SpamScope has two Docker images on Docker Hub. These images are complete and they have both Apache Storm and SpamScope with all requirements:
- spamscope-deps: you should use this image as base of all SpamScope images. This image doesn't have SpamScope, but has all its requirements.
- spamscope-elasticsearch: this image is an example of image that use Elasticsearch as database store.
The Dockerfile
example in this repository start with:
FROM fmantuano/spamscope-deps
...
All images should start with this FROM
, that is a base image with all SpamScope requirements.
Then you can clone official SpamScope repository:
...
ARG SPAMSCOPE_VER="develop"
ENV SPAMSCOPE_CONF_FILE="/etc/spamscope/spamscope.yml" \
SPAMSCOPE_PATH="/opt/spamscope"
...
RUN git clone -b ${SPAMSCOPE_VER} --single-branch https://github.com/SpamScope/spamscope.git ${SPAMSCOPE_PATH};
...
It's very important set SPAMSCOPE_CONF_FILE
environment varible, that SpamScope uses to find the main configuration file.
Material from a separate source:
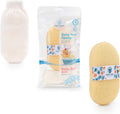 Hypoallergenic Natural Baby Sponge & Wash Cloth Set for Bath — Ultra-Soft, Gentle, Safe for Newborns, Infants & Sensitive Skin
An commented example is here.
After that you can build your image:
$ docker build -t spamscope-debug .
In this repository there is an example of Dockerfile
that can be used for debug.
I don't like use docker
command, so I made a docker-compose.yml
that is more clean and easy to use.
The docker-compose.yml
example uses spamscope-debug
image, if doesn't exist, builds it. I want to analyze the followings lines:
volumes:
- ${HOST_SPAMSCOPE_CONF}:/etc/spamscope
- ${HOST_MAILS_FOLDER}:${DOCKER_MAILS_FOLDER}
With volumes
you mount host folders in docker container folders. In this case HOST_SPAMSCOPE_CONF
is the folder with SpamScope configuration, HOST_MAILS_FOLDER
is the folder with emails to analyze and DOCKER_MAILS_FOLDER
the email folder in docker container.
It's very important the main configuration file, that it's related to docker container.
Now we have a new Dockerfile
, a new docker-compose.yml
and a complete configuration file (SPAMSCOPE_CONF_FILE
), so we can start Apache Storm:
$ cd docker
$ sudo docker-compose up -d
After any seconds Apache Storm will be up and running, you can test the url http://localhost:8080
.
But SpamScope isn't up because you must submit a topology. From Apache Storm concepts:
The logic for a realtime application is packaged into a Storm topology. A Storm topology is analogous to a MapReduce job. One key difference is that a MapReduce job eventually finishes, whereas a topology runs forever (or until you kill it, of course). A topology is a graph of spouts and bolts that are connected with stream groupings.
Now we can submit the spamscope_debug
topology inside the docker container spamscope-debug
using a custom command line tool that comes with SpamScope spamscope-topology
.
$ docker-compose exec -d -T spamscope-debug spamscope-topology submit -g spamscope_debug -p 100 -t 30
The first part of this command is related to docker-compose
:
docker-compose exec -d -T spamscope-debug
and it says: exec my command in container spamscope-debug.
The command that I want to exec is spamscope-topology submit
, for more details read the guide inside spamscope/src/cli/ folder.
Now SpamScope is up and running. You can navigate url http://localhost:8080
and you will see spamscope_debug
under Topology Summary
section.